Assignment >> Starting with the line that contains "Luces De Techo De Suzuki Aerio 2003", copy every remaining line of the data below exactly, the last one included.

=== Section Start ===

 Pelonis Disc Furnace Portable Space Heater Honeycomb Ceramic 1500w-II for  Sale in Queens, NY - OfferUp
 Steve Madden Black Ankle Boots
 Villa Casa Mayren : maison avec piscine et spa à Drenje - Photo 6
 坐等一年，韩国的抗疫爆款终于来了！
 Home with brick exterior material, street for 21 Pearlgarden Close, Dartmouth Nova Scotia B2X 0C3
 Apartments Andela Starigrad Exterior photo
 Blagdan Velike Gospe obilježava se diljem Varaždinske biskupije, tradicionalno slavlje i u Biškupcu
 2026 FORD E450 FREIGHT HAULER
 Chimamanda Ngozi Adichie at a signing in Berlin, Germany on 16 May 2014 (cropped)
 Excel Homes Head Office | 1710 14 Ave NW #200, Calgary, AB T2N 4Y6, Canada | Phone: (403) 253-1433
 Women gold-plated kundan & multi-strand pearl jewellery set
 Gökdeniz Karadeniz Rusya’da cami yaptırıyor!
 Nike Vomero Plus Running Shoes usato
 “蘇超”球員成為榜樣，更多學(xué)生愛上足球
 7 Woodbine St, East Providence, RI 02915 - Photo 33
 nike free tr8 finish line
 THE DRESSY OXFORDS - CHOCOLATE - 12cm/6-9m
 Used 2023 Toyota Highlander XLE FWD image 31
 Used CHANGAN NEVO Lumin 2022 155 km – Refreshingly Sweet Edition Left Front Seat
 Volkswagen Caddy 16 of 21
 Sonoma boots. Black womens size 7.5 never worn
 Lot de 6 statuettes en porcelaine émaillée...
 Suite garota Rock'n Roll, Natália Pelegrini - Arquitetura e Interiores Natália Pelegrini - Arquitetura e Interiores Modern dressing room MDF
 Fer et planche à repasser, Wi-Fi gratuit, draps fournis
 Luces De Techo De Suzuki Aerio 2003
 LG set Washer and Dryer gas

=== Section End ===

Solved exercise >>
 Luces De Techo De Suzuki Aerio 2003
 LG set Washer and Dryer gas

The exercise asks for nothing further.